Ketenagakerjaan adalah segala hal yang berhubungan dengan tenaga kerja pada waktu sebelum, selama, dan sesudah masa kerja. (Pasal 1 ayat 1 Undang-Undang Nomor 13 Tahun 2003 tentang Ketenagakerjaan)

Prof. Iman Soepomo, S.H. menyimpulkan bahwa, Hukum perburuhan adalah himpunan peraturan, baik tertulis maupun tidak tertulis yang berkenaan dengan kejadian di mana seseorang bekerja pada orang lain dengan menerima upah.

Sifat Hukum Ketenagakerjaan

1. Mengatur
Ciri utama dari Hukum ketenagakerjaan yang sifatnya mengatur ditandai dengan adanya aturan yang tidak sepenuhnya memaksa dengan kata lain boleh dilakukan penyimpangan atas ketentuan tersebut dalam perjanjian.

Contoh: perjanjian kerja, peraturan perusahaan dan perjanjian kerja bersama.

  • Pasal 51 ayat (1) Undang‐Undang Nomor 13 Tahun 2003 tentang Ketenagakerjaan, mengenai pembuatan penjanjian kerja bisa tertulis dan tidak tertulis. Dikategorikan sebagai Pasal yang sifatnya mengatur oleh karena tidak harus/wajib perjanjian kerja itu dalam bentuk tertulis dapat juga lisan, tidak ada sanksi bagi mereka yang membuat perjanjian secara lisan sehingga perjanjian kerja dalam bentuk tertulis bukanlah hal yang imperative/memaksa;
  • Pasal 60 ayat (1) Undang‐Undang Nomor 13 Tahun 2003 tentang Ketenagakerjaan, mengenai perjanjian kerja waktu tidak tertentu dapat mensyaratkan masa percobaan 3 (tiga) bulan.

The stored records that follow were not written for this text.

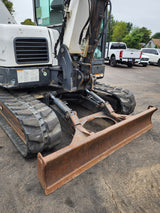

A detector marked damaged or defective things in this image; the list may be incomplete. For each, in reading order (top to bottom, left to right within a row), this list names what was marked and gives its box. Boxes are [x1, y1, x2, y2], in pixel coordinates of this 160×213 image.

rust on blade [37, 106, 156, 195]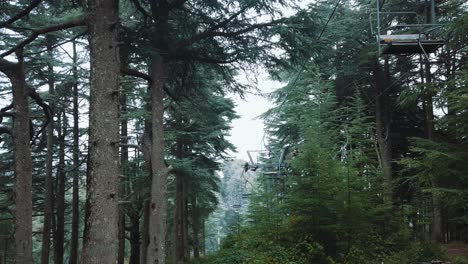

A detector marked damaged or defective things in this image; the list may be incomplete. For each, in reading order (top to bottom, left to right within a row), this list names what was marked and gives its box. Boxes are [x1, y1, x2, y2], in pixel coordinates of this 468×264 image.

rusty chairlift [370, 0, 442, 59]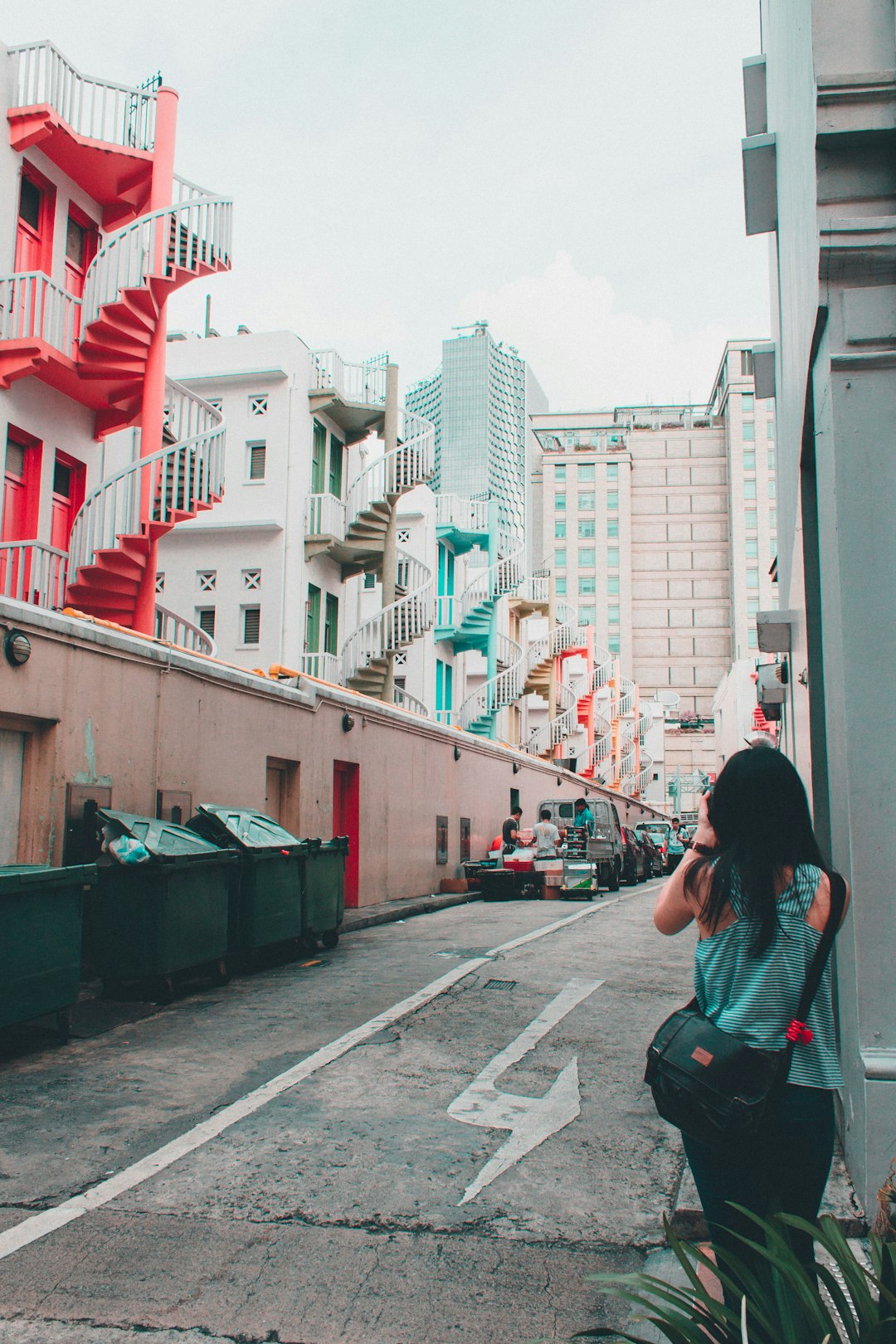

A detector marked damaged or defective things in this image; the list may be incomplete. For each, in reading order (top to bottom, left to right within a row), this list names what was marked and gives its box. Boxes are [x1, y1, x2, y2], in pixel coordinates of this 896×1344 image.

cracked pavement [0, 881, 693, 1344]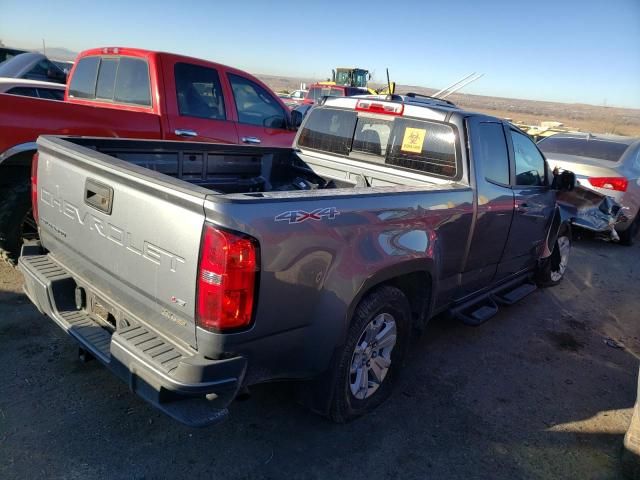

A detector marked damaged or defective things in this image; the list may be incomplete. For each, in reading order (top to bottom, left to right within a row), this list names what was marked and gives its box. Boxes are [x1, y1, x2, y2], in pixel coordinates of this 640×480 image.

damaged vehicle [21, 95, 580, 426]
damaged vehicle [540, 134, 640, 244]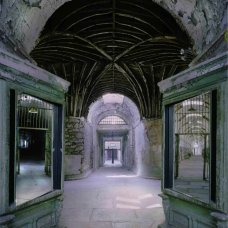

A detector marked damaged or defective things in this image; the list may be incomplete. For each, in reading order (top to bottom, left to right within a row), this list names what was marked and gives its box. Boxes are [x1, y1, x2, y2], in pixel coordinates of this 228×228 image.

rusted metal frame [64, 11, 113, 30]
peeling plaster wall [0, 0, 225, 54]
rusted metal frame [116, 12, 163, 35]
rusted metal frame [119, 1, 176, 34]
rusted metal frame [115, 62, 145, 115]
rusted metal frame [136, 63, 152, 117]
peeling plaster wall [63, 116, 92, 179]
peeling plaster wall [134, 118, 163, 179]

Ketentuan ini juga bersifat mengatur oleh karena pengusaha bebas untuk menjalankan masa percobaan atau tidak ketika melakukan hubungan kerja waktu tidak tertentu/permanen.
  • Pasal 10 ayat(1) Undang‐Undang Nomor 13 Tahun 2003 tentang Ketenagakerjaan, bagi pengusaha berhak membentuk dan menjadi anggota organisasi pengusaha. Merupakan ketentuan hukum mengatur oleh karena ketentuan ini dapat dijalankan (merupakan hak) dan dapat pula tidak dilaksanakan oleh pengusaha.

2. Memaksa
Dalam pelaksanaan hubungan kerja untuk masalah‐masalah tertentu diperlukan campur tangan pemerintah. Campur tangan ini menjadikan hukum ketenagakerjaan bersifat publik.

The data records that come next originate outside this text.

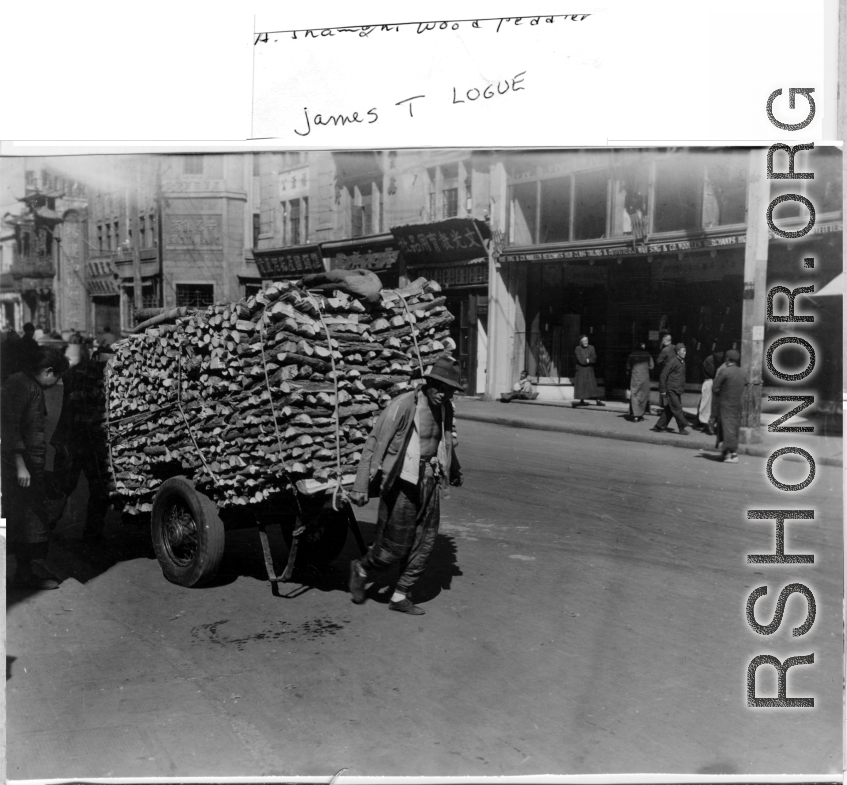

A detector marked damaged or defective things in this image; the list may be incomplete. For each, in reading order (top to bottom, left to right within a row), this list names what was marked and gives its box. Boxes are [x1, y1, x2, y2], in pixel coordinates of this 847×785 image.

tattered jacket [352, 388, 460, 500]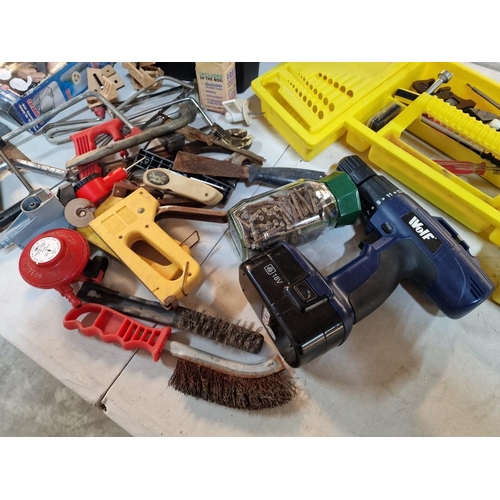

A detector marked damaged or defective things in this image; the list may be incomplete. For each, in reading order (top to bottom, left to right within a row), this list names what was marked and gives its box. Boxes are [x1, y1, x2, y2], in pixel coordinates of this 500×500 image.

rusty tool [172, 150, 326, 188]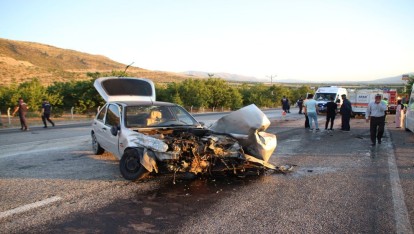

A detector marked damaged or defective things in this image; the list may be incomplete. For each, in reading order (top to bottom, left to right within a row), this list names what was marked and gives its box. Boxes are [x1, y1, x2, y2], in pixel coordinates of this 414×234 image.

shattered windshield [124, 105, 199, 128]
wrecked white car [90, 77, 278, 181]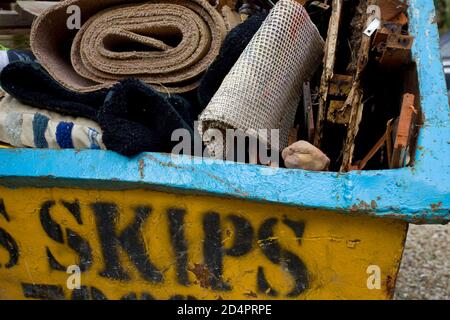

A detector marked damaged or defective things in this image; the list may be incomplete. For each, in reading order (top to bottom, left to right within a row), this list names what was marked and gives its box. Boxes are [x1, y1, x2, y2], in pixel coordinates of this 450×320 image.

splintered wood piece [314, 0, 342, 148]
splintered wood piece [390, 94, 414, 169]
rust stain on yellow paint [0, 186, 408, 298]
chipped yellow paint [0, 185, 408, 300]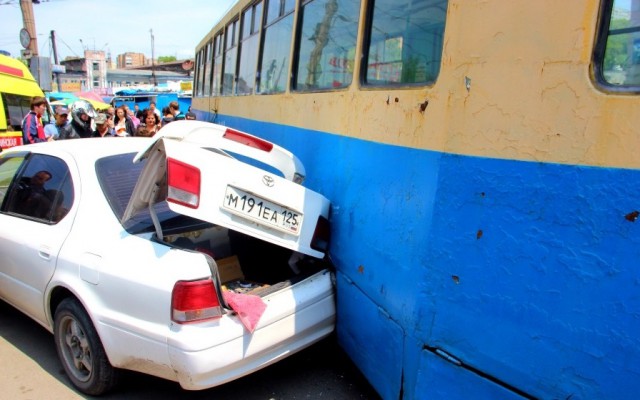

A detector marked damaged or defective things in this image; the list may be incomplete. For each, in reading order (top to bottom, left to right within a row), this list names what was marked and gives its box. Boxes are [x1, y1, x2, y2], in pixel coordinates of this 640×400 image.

crushed white toyota [0, 120, 338, 396]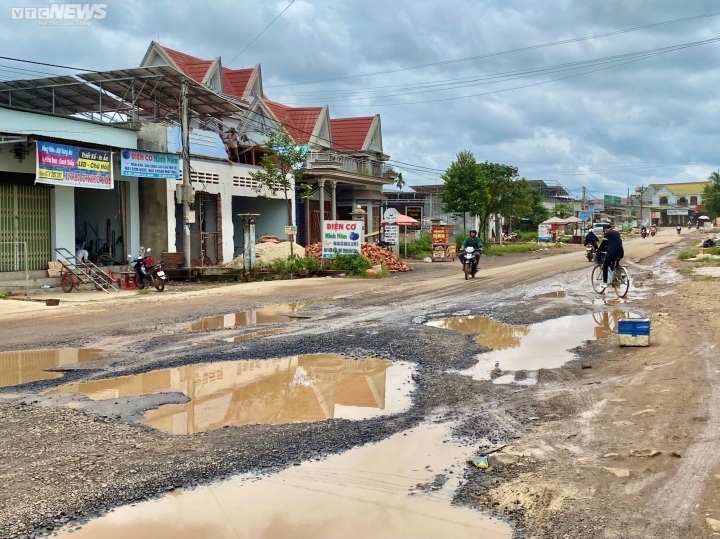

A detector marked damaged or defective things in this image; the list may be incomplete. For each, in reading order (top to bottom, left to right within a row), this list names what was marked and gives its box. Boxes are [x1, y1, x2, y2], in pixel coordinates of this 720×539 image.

water-filled pothole [0, 350, 102, 388]
water-filled pothole [47, 354, 414, 434]
water-filled pothole [188, 302, 330, 332]
water-filled pothole [424, 310, 640, 382]
water-filled pothole [56, 422, 512, 539]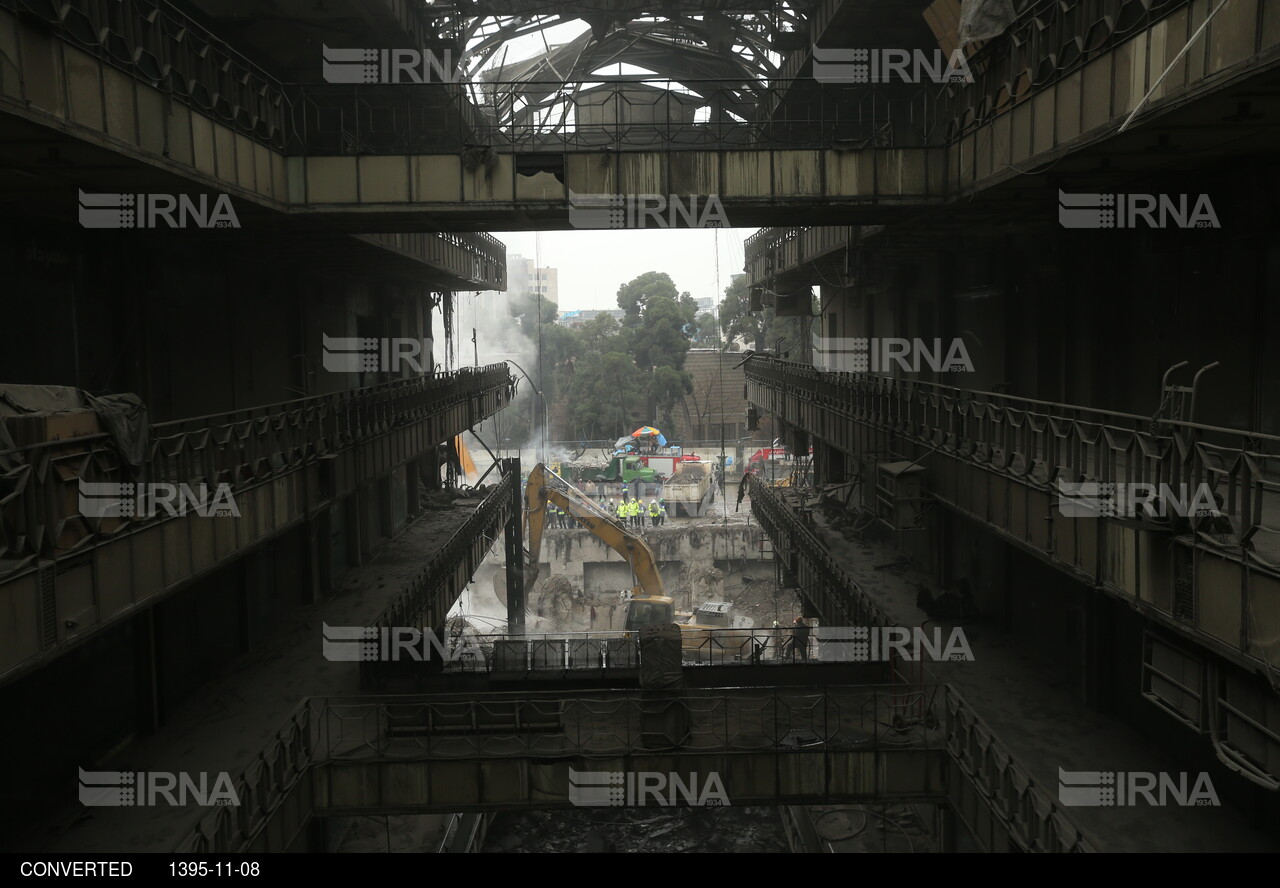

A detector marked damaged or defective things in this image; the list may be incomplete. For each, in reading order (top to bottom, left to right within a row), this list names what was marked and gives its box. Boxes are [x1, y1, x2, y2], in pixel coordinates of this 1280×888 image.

rusty metal panel [303, 158, 358, 204]
rusty metal panel [353, 158, 407, 204]
rusty metal panel [1192, 550, 1244, 647]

Sifat publik dari Hukum Ketenagakerjaan ditandai dengan ketentuan‐ketentuan memaksa (dwingen), yang jika tidak dipenuhi maka negara/pemerintah dapat melakukan aksi tertentu berupa sanksi.

Artinya hukum yang harus ditaati secara mutlak, tidak boleh dilanggar.

1. Adanya penerapan sanksi terhadap pelanggaran atau tindak pidana bidang ketenagakerjaan
2. Adanya syarat‐syarat dan masalah perizinan, misalnya:
  • Perizinan yang menyangkut Tenaga Kerja Asing;
  • Perizinan menyangkut Pengiriman Tenaga Kerja Indonesia;
  • Penangguhan pelaksanaan upah minimum dengan izin dan syarat tertentu;
  • Masalah penyelesaian perselisihan hubungan industrial atau pemutusan hubungan kerja;
  • Syarat mempekerjakan pekerja anak, dan sebagainya.